Boy: He's no longer taken, which is good and not. He says he doesn't care and seems...happier somehow? More relaxed. We've only had one fight so far which is insane cause we fight all the time. Little disagreements always made big because we couldn't figure out how to deal. We hang out all the time again, which both of us seem okay with. We've sort of...well we aren't dating again but we behave like a couple. It's confusing and amazing at the same time. It makes me happy. Also I got his mothers approval which was weird and awesome too. I really want this to be a thing and for it to work. I'm having a hell of a time not questioning it.

Boy's Ex/my Ex-Friend: Hateful facebook posts are hateful. I have been repeatedly called a whore, a slut, no better than a ragdoll and apparently I look like I belong in a zoo. Which...well lets just say seeing that post was highly well timed and I broke down crying in public. She has every right to hate me, I slept with her boyfriend for the entire relationship. But we were friends and we had promises we made to each other. She told me she forgave both me and Boy and we had stopped doing things with each other. Then she accepted his promise never to talk to me. When she knew he's literally my only friend, we live together, and he's the only one I've ever been honest about my mental state to. She knew exactly how important he is to me. She blew up at us when she found out he didn't want to stop talking to me. I think she thought everything was a competition like there was ever a chance he'd leave her for me before all the fighting started. There wasn't. I didn't even want him to. We were both constantly fixing her up, building her back where she wasn't suicidal. All the time. And after she lied to him about trying to take her life...well we got tired of trying. It's hard to believe someone when it feels like they only want attention. Like when she claimed she was afraid of him. Maybe she was,she knew he would hit me when his schizophrenia got the best of him. Nearly everyone we know knows that because I trusted one of my friends with it and she told everyone. But he only ever lost control with me or about me. He never once showed that to her, maybe the truth of the aftermath but never ever the real thing.

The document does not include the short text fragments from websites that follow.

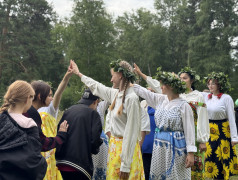 Волшебство Ивана Купалы: праздник огня и воды в лагере &laquo;Ал&euml;нушка&raquo;
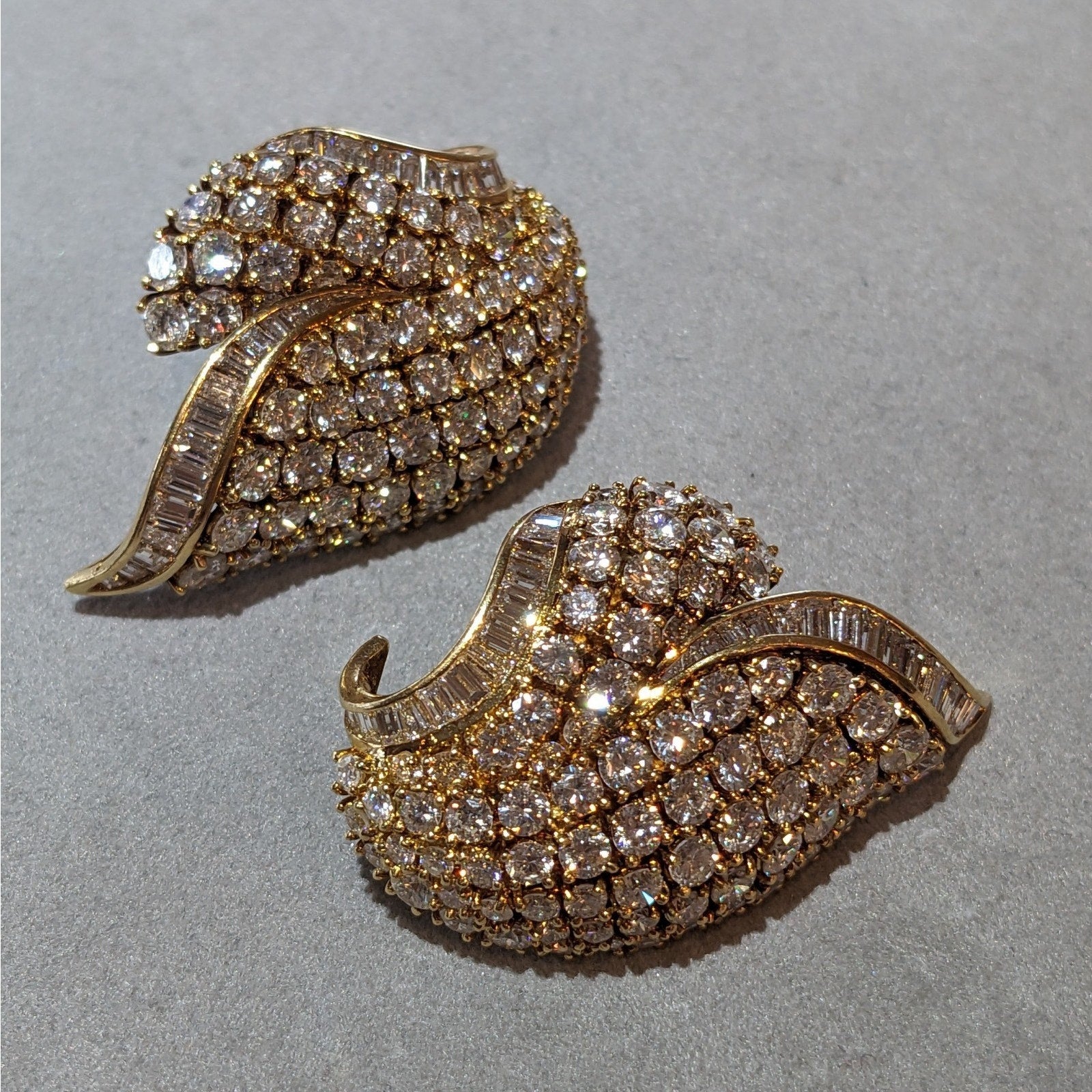 Large Diamond Tulip Earrings 15.00 cttw in 18k Yellow Gold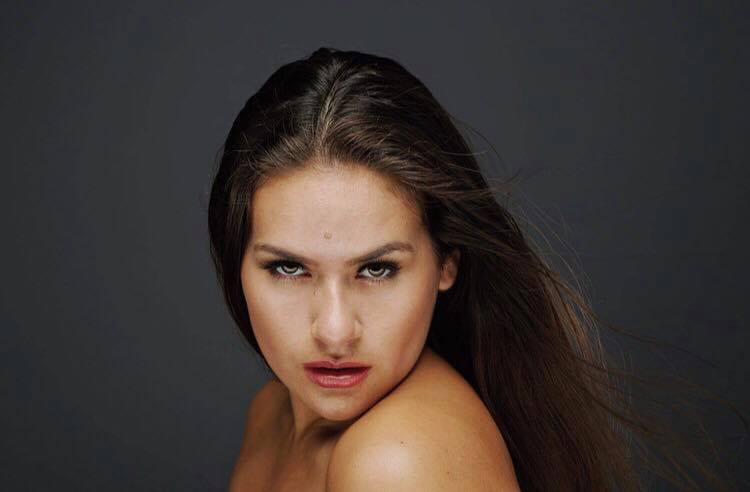 Female model photo shoot of IzabellaAparicio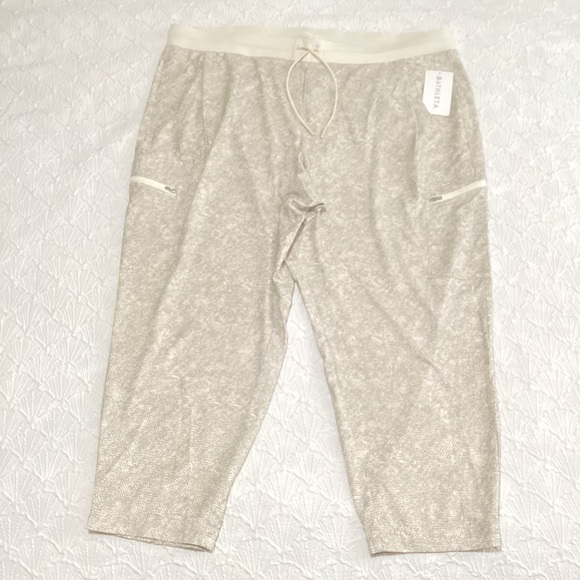 Athleta Venture Printed Pant - Picture 2 of 6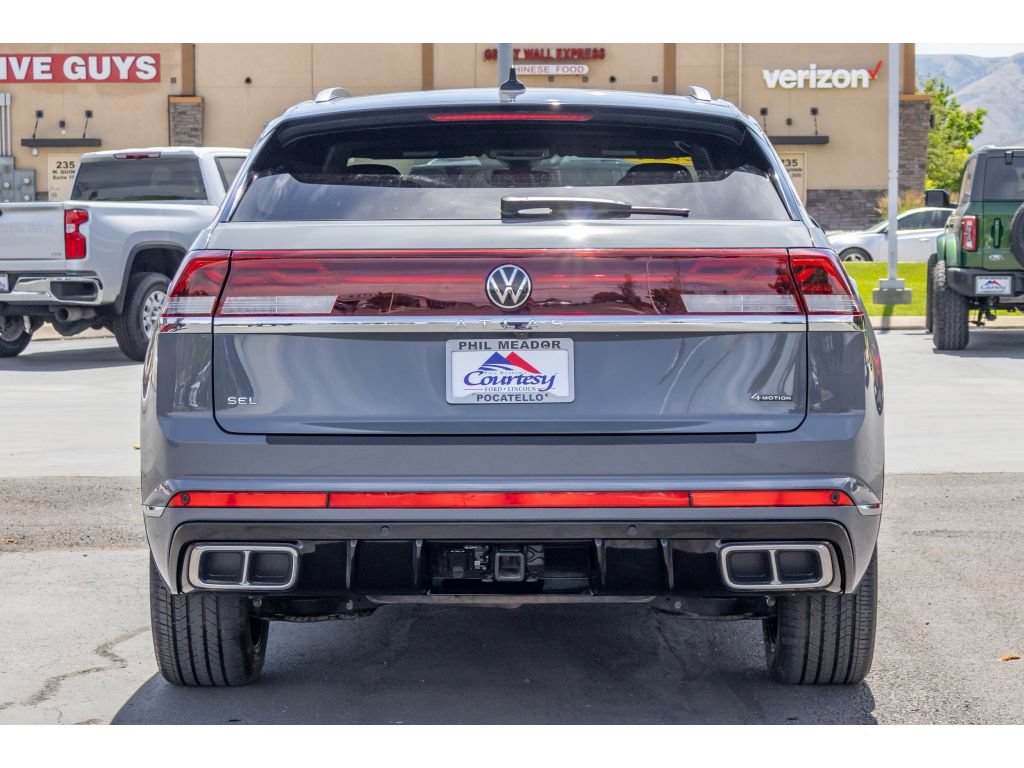 Used 2024 Volkswagen Atlas Cross Sport SEL Premium R-Line AWD/4WD image 4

Yet she made facebook post after facebook post about being afraid of him, about hating him, about hating me. She made everyone he had been friends with hate him. And then begged for him back. While saying horrible things about me and then bitching about how I didn't talk to her about it. She has us both blocked now, thank god.

Me: God I've been a little crazy as of late. With the stuff that Boy's ex has been doing its kind of been making my severe self hate amplify. Which I probably deserve. I cut again for the first time in oh four years I think? My skin looks pretty bad with all the new scarring. My hairs gone a little crazy now that most of its gone. I'm trying to grow it out again. My nightmares came back- mostly just me being murdered. But Boy has been really good about getting me out of my head so I'm getting better about what I sink into. My family is still pretty insane, I've started talking to my brother again which is amazing. I'm talking to my mom too, we text back and forth and patched everything up. It's so weird it's like everything got really really horrific and I tried to hurt myself irreparably and then everything clicked again. Things got better than they have been in a really long time and I hate to say it but it feels like its because Boy's ex is gone.

I'm happy like properly and it feels really dangerous. I hope it lasts for a while.